A recent survey shows that two-thirds of Americans have not done estate planning.

Think Advisor reported on a survey conducted by a financial services firm that revealed good news and bad news about Americans and estate planning. In the article “Americans, Even Advisory Clients, Have a Big Estate Planning Problem: Survey,” the firm Edward Jones found that two-thirds of those with an advisor have not discussed estate goals and legacy plans. That’s the bad news. The good news is that 77% said estate and legacy strategies are important for everyone, not just wealthy individuals.

Most people do understand how a properly prepared estate plan puts them in control of what happens to the people that matter most to them, including minor children, their spouses, and partners. It also indicates that they recognize how estate planning is necessary to protect themselves. That means having documents, like Power of Attorney and Medical Health Care Power of Attorney.

However, knowledge without action is meaningless. That is the part that is worrisome.

Without a will, the state you live in writes one for you, deciding who gets what, when they get it and whose in charge. You set the table for family disputes and high administrative costs. The entire affair becomes a public document that anyone can look at. Nosy neighbors, creditors, and relatives all having access to personal and financial information is not something anyone wants to happen. However, by failing to plan, that’s exactly what happens.
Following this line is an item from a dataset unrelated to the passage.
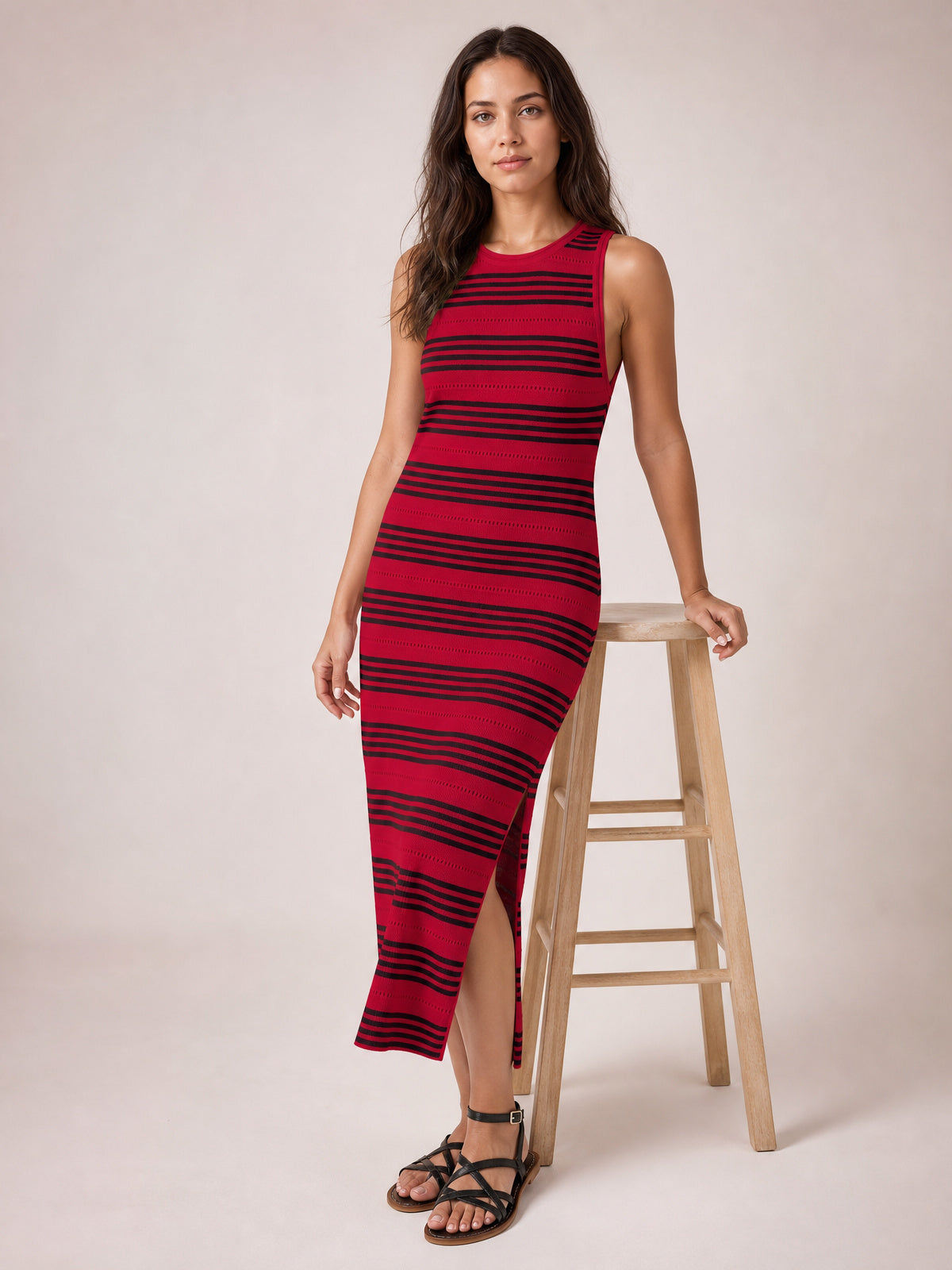 A model leans against a stool in a red and black striped sleeveless midi dress with a round neckline, fitted silhouette, and high side slit.
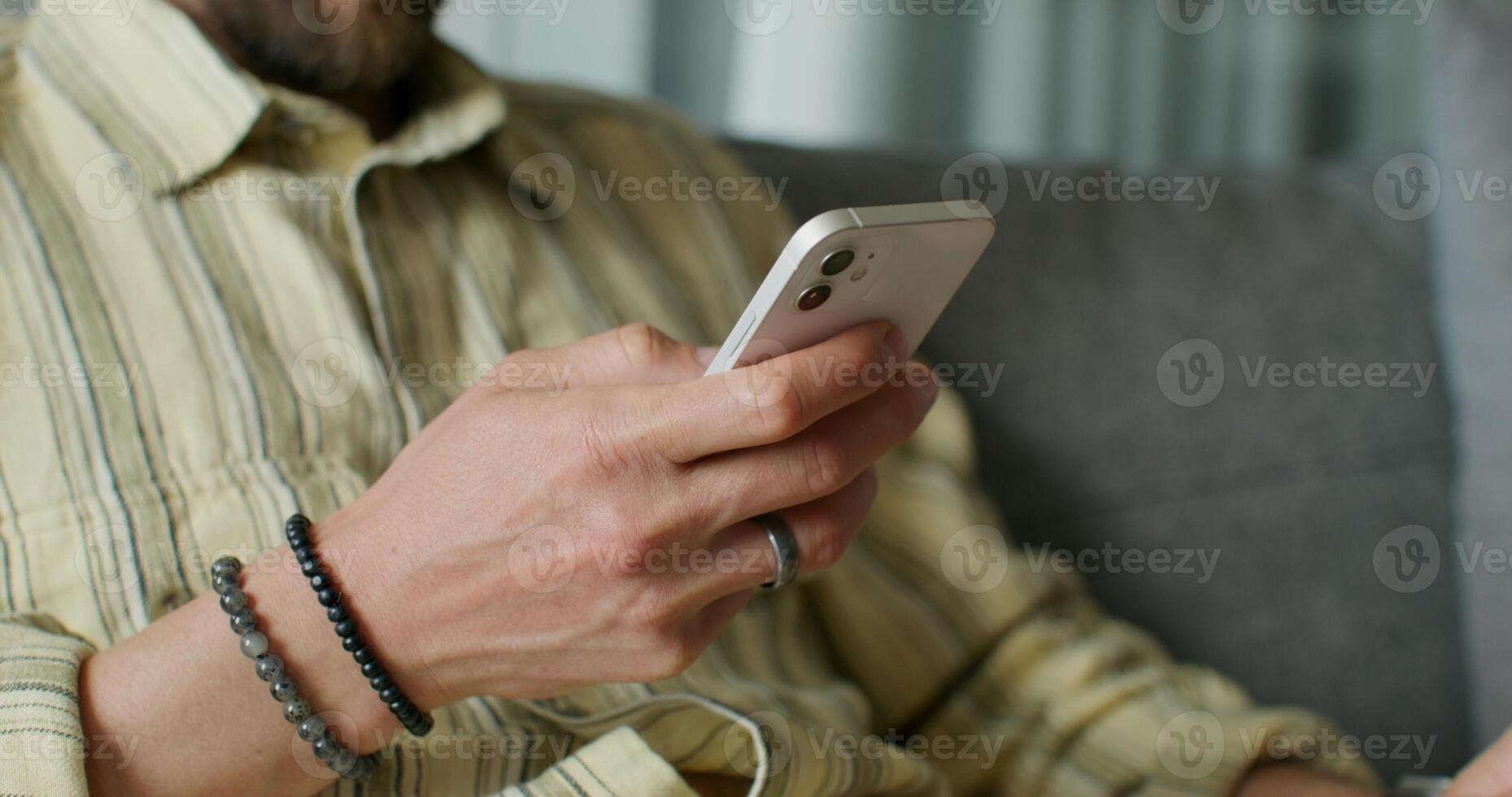 A man is typing on a mobile phone sitting on the couch at home. close-up of his hands, an unrecognizable person. Daylight - unrecognizable photo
The survey of 2,007 adults showed little sense of urgency to having legacy conversations. Only about a third of millennials and Gen Xers said they’d spoken with their advisors about the future.

Surprisingly, only 38% of baby boomers had done so—and they are the generation most likely to need these plans in place in the immediate future.

Where do you start? Begin with the beneficiary designations. Check all investment accounts, bank accounts, insurance policies, and retirement accounts. Most, if not all, of these financial documents, should have a place to name a beneficiary, and some may permit a secondary beneficiary to be named. Make sure that you name a person you want to receive these assets and that the person named is still in your life.

The beneficiary designation is more powerful than your will. The person named in the beneficiary designation will receive the asset, no matter what your will says. If you don’t want an ex-spouse to receive life insurance policy proceeds, make sure to check the names on your life insurance beneficiary designations.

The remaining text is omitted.